Collected data ▸
• • •

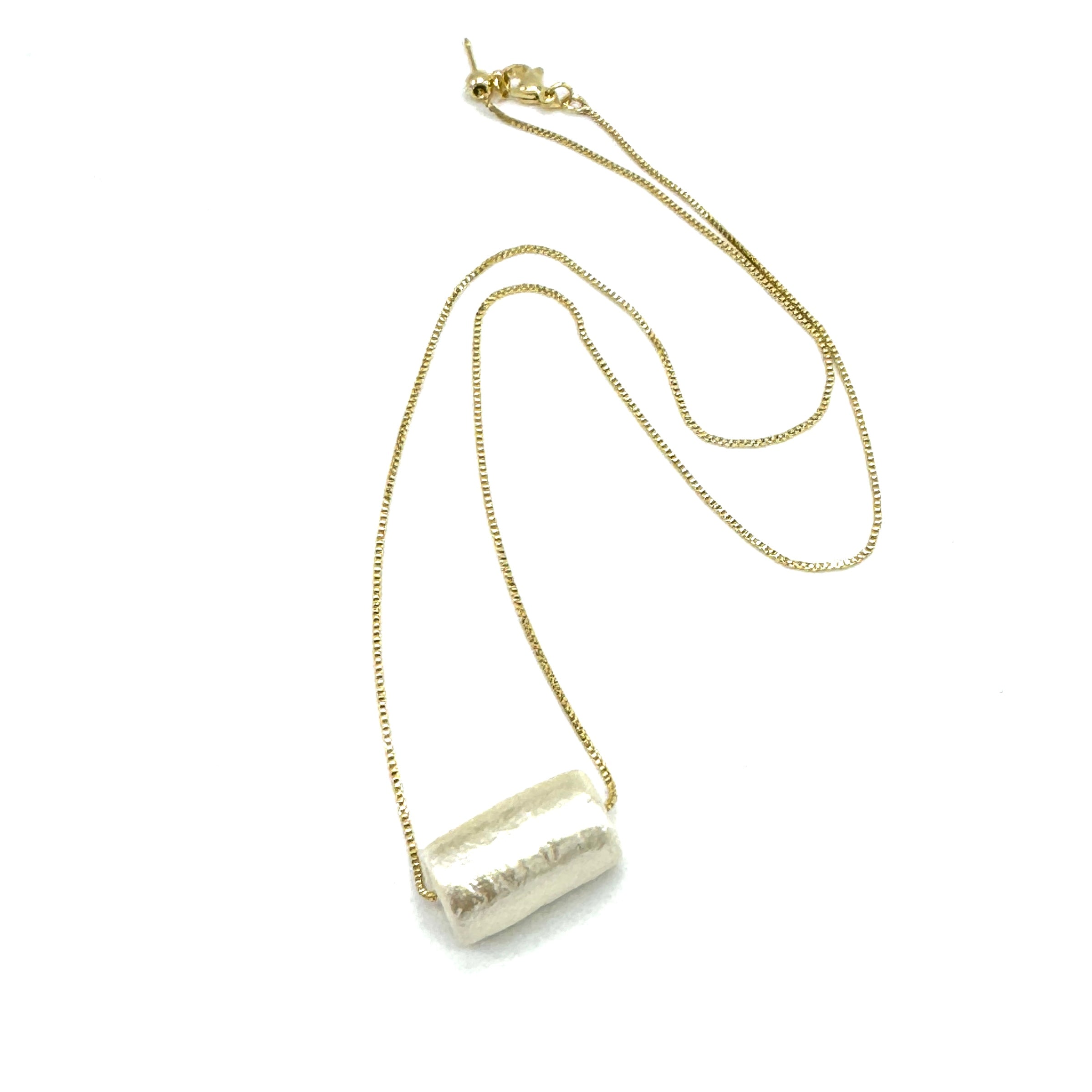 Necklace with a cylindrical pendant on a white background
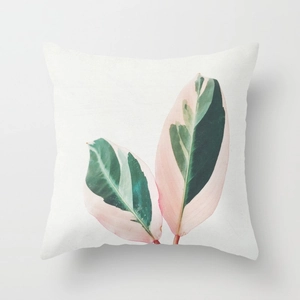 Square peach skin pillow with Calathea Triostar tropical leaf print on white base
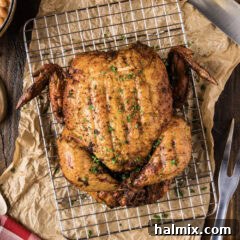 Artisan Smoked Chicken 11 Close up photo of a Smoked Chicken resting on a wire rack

• • •

Activity ▸ Your output must consist only of the lines from the line with "Square peach skin" through the final line of the data, both included, reproduced exactly and free of pictures.

Task response ▸
 Square peach skin pillow with Calathea Triostar tropical leaf print on white base
 Artisan Smoked Chicken 11 Close up photo of a Smoked Chicken resting on a wire rack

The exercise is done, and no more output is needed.